Fund management activity in India’s GIFT City — the only international financial services centre (IFSC) in India — may soon get a fillip with an IFSCA appointed panel recommending the adoption of Variable Capital Company (VCC)-like legal structure for the fund industry in such IFSCs.

A VCC is basically an alternative form of corporate vehicle that dispenses with some of the key limitations of companies and LLPs and provides for higher regulatory standards than those applicable to trusts. A VCC can be used for both open-ended and closed ended alternative and traditional fund strategies.

It maybe recalled that the Gift City regulator, International Financial Services Centres Authority (IFSCA), had constituted a Committee of Experts headed by K.P. Krishnan, a retired IAS officer, to examine the feasibility of VCC in India and its suitability as a vehicle for fund management in the International Financial Services Centre (IFSCs) in India.

This Krishnan-led Committee has now submitted its report to the IFSCA Chairperson Injeti Srinivas.

Fund management activities are an important pillar of the overall financial services ecosystem. In line with the mandate given to the Committee, it examined the relevance and adaptability of the VCC for the IFSC in India or alternative structures to attract fund business in the IFSC. Conventionally, pooling of funds in India is undertaken through three types of entities, namely, limited liability companies governed under the Companies Act, 2013; limited liability partnerships under the Limited Liability Partnership Act; and trusts governed under the Indian Trusts Act, 1882.

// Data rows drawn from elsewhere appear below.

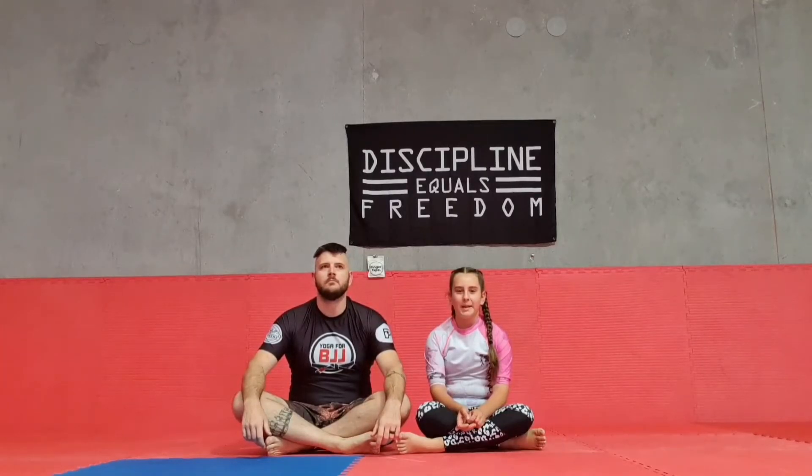Hey guys, I'm back and today we're going to be learning how to pass someone's butterfly guard with a cartwheel. Let's get started.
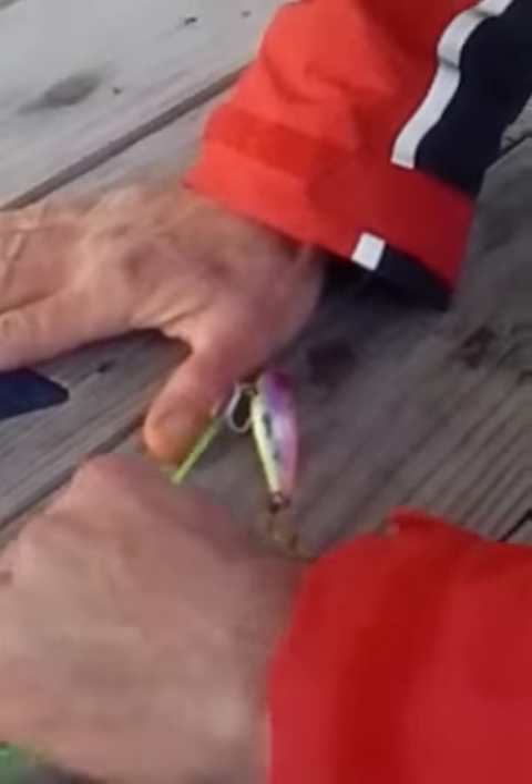The old string trick. And just make sure you commit to the pull. Alright, we got it.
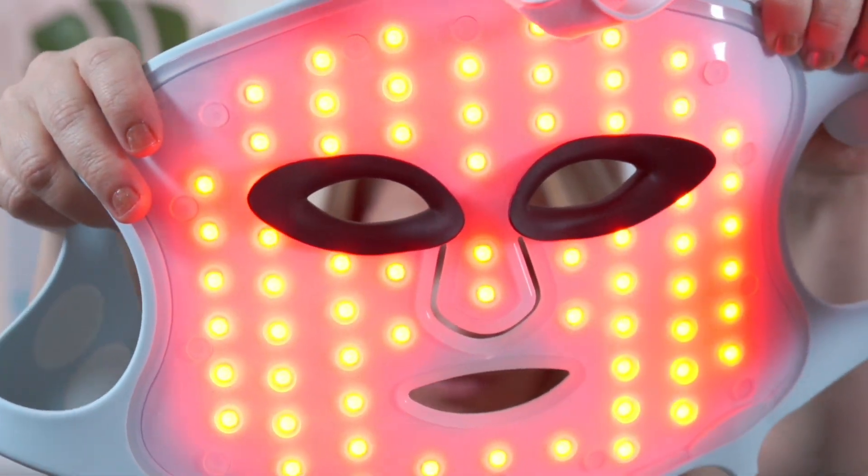Hack number one: prevent sun damage. For this hack, all you need to do is use your LED mask or panel on the red LED light color before you go to the beach, hikes, or before any sun exposure. Ideally, do this half an hour before you go into the sun and before you put your sunscreen. Research has proven that using LED lights right before sun exposure gives you the same protection as putting an SPF 15 on your skin.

The Committee assessed the features of a VCC or its equivalent, in other jurisdictions such as the UK, Singapore, Ireland and Luxembourg, an official release said.

The Committee recognised that the legal framework governing entities that undertake fund management should provide for certainty and clarity to investors, effective segregation and ring fencing of different pools of asset, the ability to issue different classes of shares, alterations to the funds’ capital structure without regulatory approvals and the freedom to choose the appropriate accounting standards applicable to funds with different characteristics, and the ability to wind up quickly, the release added.